**Task brief**
Return, in their exact form, the lines that lie between the start of the data below and the line containing "i-tec CADUAL4KDOCKPD2 kannettavien", with both ends included.

--*--

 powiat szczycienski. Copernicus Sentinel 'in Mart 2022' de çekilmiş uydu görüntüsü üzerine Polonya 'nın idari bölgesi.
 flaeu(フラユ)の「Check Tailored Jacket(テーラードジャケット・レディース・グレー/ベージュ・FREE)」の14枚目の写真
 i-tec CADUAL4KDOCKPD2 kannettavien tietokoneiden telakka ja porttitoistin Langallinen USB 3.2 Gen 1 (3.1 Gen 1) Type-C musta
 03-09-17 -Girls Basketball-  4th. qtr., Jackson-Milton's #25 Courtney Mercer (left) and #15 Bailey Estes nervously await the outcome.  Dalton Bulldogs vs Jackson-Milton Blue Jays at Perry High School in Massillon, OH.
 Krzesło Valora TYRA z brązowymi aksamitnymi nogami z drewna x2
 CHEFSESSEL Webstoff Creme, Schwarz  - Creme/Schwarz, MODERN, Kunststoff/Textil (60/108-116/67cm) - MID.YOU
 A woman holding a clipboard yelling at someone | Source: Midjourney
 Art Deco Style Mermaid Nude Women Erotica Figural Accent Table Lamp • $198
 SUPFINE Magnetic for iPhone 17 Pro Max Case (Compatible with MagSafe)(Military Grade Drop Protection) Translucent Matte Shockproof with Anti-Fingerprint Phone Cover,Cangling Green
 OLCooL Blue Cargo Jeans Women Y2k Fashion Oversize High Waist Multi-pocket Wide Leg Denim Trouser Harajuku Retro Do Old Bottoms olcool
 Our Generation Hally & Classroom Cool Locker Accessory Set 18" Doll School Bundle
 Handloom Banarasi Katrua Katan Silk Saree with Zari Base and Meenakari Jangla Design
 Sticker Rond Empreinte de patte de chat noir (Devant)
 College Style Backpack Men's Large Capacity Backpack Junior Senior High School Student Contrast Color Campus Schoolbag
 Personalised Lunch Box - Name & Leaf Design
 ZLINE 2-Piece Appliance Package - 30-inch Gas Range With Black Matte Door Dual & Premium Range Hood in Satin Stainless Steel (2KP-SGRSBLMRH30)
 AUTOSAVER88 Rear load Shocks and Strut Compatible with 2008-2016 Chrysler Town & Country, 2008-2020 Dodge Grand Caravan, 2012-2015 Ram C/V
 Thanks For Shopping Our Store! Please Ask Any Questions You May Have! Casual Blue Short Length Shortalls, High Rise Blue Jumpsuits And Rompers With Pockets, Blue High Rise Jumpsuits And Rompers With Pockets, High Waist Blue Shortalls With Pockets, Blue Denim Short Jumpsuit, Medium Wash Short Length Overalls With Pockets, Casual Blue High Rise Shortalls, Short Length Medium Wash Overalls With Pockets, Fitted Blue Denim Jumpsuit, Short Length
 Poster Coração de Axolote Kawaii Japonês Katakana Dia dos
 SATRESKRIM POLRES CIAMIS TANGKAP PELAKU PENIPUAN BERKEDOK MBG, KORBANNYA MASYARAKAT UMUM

--*--

**Completed task**
 powiat szczycienski. Copernicus Sentinel 'in Mart 2022' de çekilmiş uydu görüntüsü üzerine Polonya 'nın idari bölgesi.
 flaeu(フラユ)の「Check Tailored Jacket(テーラードジャケット・レディース・グレー/ベージュ・FREE)」の14枚目の写真
 i-tec CADUAL4KDOCKPD2 kannettavien tietokoneiden telakka ja porttitoistin Langallinen USB 3.2 Gen 1 (3.1 Gen 1) Type-C musta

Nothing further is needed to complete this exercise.